The project's footprint sprawls across multiple neighbourhoods: Sants, Hostafrancs, and sections approaching Collblanc. Residents report significant quality-of-life concerns beyond economics. Vibrations from tunnel boring have prompted structural assessments at century-old apartment buildings. Air quality monitoring data from the city's environmental agency shows elevated particulate matter in affected zones during peak construction hours.
"My daughter has asthma. During the mornings when they're working, she struggles," one community group spokesperson noted, describing concerns shared by families living within 200 metres of active excavation sites.

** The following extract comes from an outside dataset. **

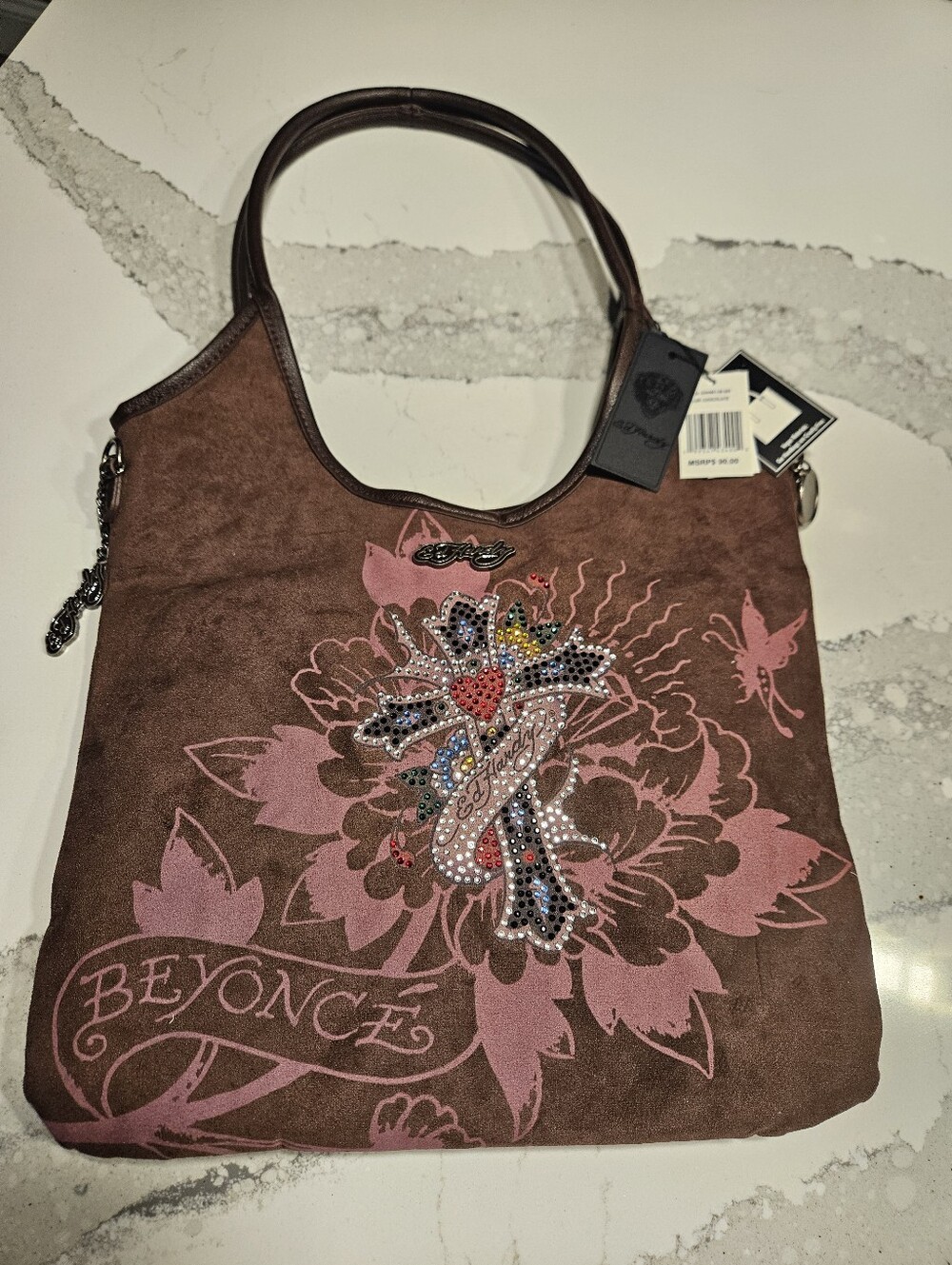 NEW Beyoncé x Ed Hardy handbag - RARE FIND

Yet the conversation isn't uniformly negative. Younger professionals and students acknowledge the long-term strategic value. Once completed in 2028, the extension will reduce journey times from Sants to Plaça de Catalunya from 45 minutes to roughly 20 minutes, making the neighbourhood substantially more accessible. This, supporters argue, could attract investment and revitalise peripheral areas struggling with decades of underinvestment relative to Barcelona's touristic core.
The transport authority has committed €8 million in compensation packages for affected businesses, though neighbourhood groups argue this doesn't match actual losses. They've also intensified community consultation, hosting monthly forums in local civic centres to address concerns directly.

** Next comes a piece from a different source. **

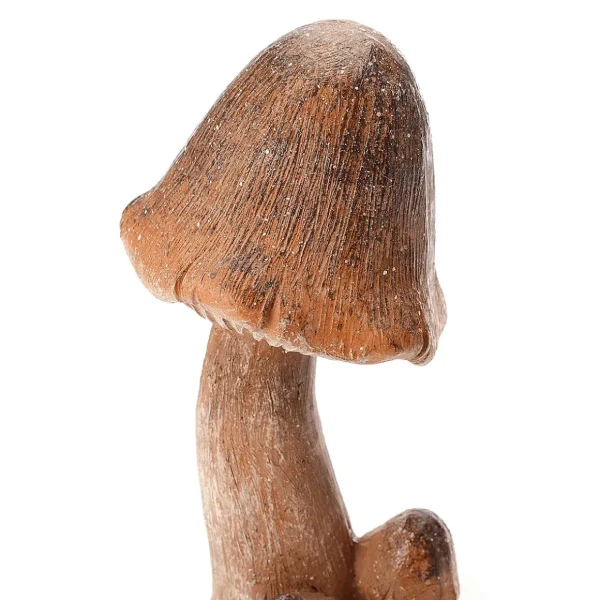Herbstdeko^DecoWoerner Deko Pilz 15 Cm braun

"Infrastructure needs sacrifice," acknowledged one community leader, "but that sacrifice shouldn't fall exclusively on the poorest neighbourhoods. Sants and Hostafrancs have carried more than their share of the city's heavy industry and transport chaos already. We need guarantees that the new metro genuinely serves us—not just connects us to areas where rents will spike beyond what locals can afford."
As construction continues, this sentiment captures the underlying tension: communities recognising progress's necessity while demanding it arrive with equity and respect for those living through its disruption.